§ **ACTIVITY**
Whatever precedes the line containing "Cojines para silla" is not copied; that line and every line after it through the final one below are copied exactly, except pictures.

RECORDS TO PROCESS section start

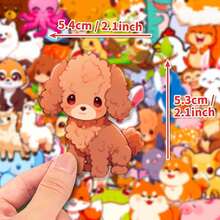 50pcs Animal Stickers, Vinyl Stickers, Suitable For Water Bottles, Laptops, Scrapbooks, Luggage, Journals, Skateboards, DIY Decals, Watercolor Aesthetic Stickers, Suitable For Teens And Adults - Yellow - View 5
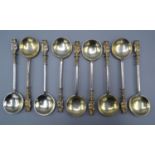 A Set of Nine Victorian Silver Gilt Apostle Spoons, Sheffield 1882, Makers Richard Martin and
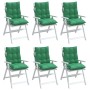 Cojines para silla con respaldo bajo 6 uds tela Oxford verde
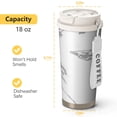 thumbnail image 4 of 18oz Travel Coffee Mug, 316 Stainless Steel Vacuum Insulated Tumbler with 2-in-1 Straw Lid & Strap, Liquid & Marble Print, 4 of 6
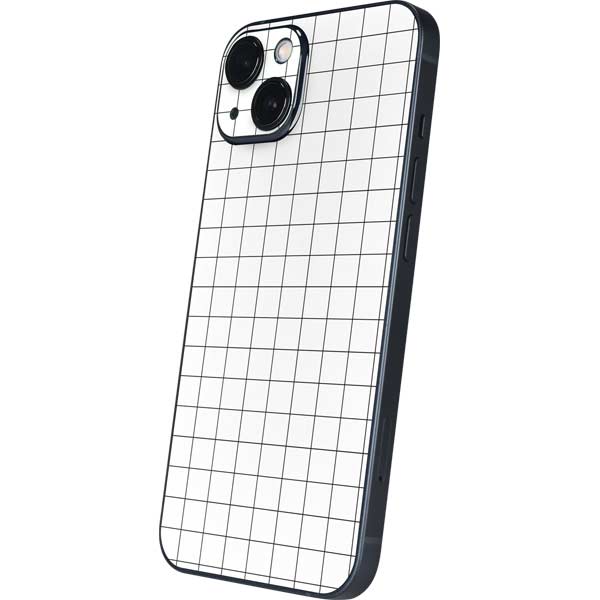 White Grid iPhone 15 Skin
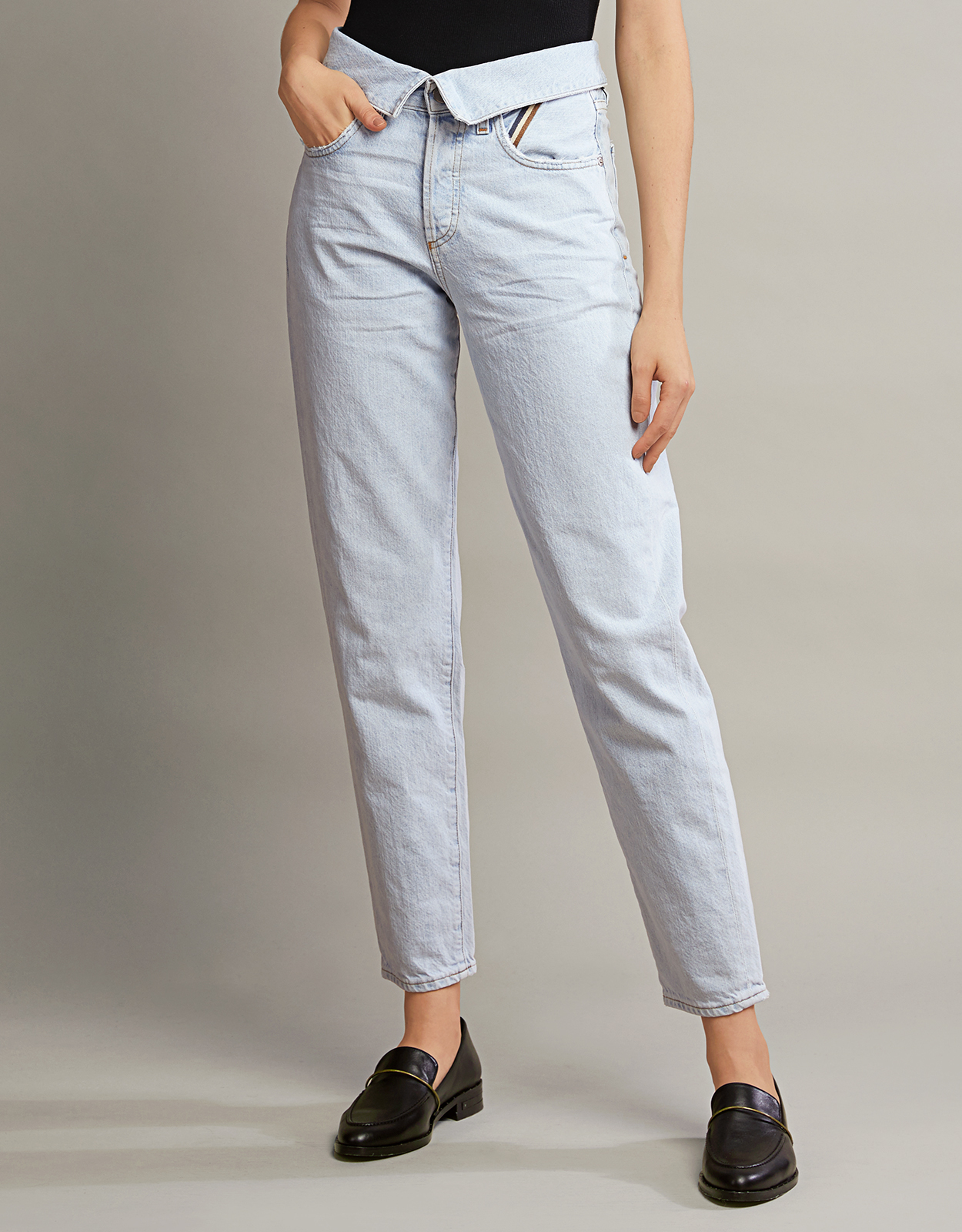 Jean Atelier Flip Fold-over High-rised Straight-leg Jeans (Jeans,Straight  Leg) IFCHIC.COM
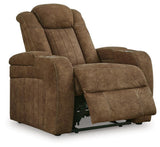Wolfridge Brindle Faux Leather Power Recliner - Ella Furniture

RECORDS TO PROCESS section end

§ **RESPONSE AREA**
 Cojines para silla con respaldo bajo 6 uds tela Oxford verde
 thumbnail image 4 of 18oz Travel Coffee Mug, 316 Stainless Steel Vacuum Insulated Tumbler with 2-in-1 Straw Lid & Strap, Liquid & Marble Print, 4 of 6
 White Grid iPhone 15 Skin
 Jean Atelier Flip Fold-over High-rised Straight-leg Jeans (Jeans,Straight  Leg) IFCHIC.COM
Wolfridge Brindle Faux Leather Power Recliner - Ella Furniture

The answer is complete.